Collected material below:
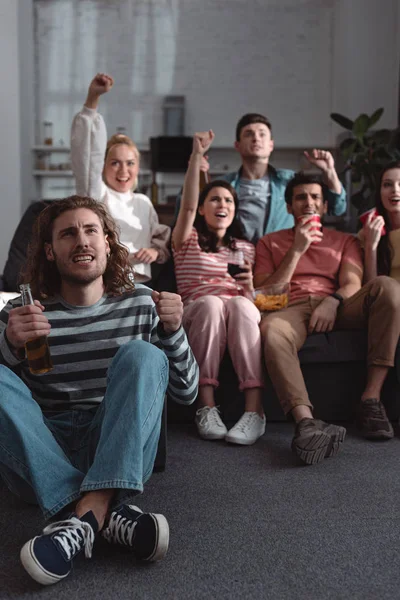 Excited friends showing winner gesture while watching championship at home — Stock Photo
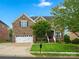 Beautiful brick two-story home with well-manicured lawn, two-car garage, and lovely curb appeal at 422 Deer Brush Ln, Waxhaw, NC 28173
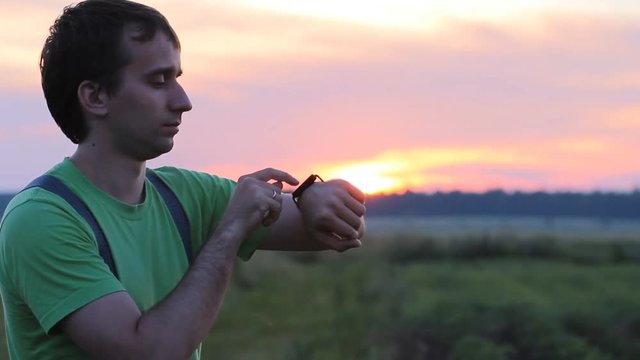 Man touching smart clock on the background of beautiful sunset sky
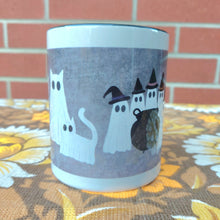 Load image into Gallery viewer, The middle section of the mug is on display showing the ghosts in that section of the mug, the mug is mainly white with a black inside and rim. The mug sits on a warm brown floral patterned fabric in front of a red brick wall.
End of Collected material.
= Goal of the exercise =
The expected output is the exact run of lines from the one containing "Man touching smart" through the final line of the data above, both ends included, with no pictures.

= Output of the task =
 Man touching smart clock on the background of beautiful sunset sky
 Load image into Gallery viewer, The middle section of the mug is on display showing the ghosts in that section of the mug, the mug is mainly white with a black inside and rim. The mug sits on a warm brown floral patterned fabric in front of a red brick wall.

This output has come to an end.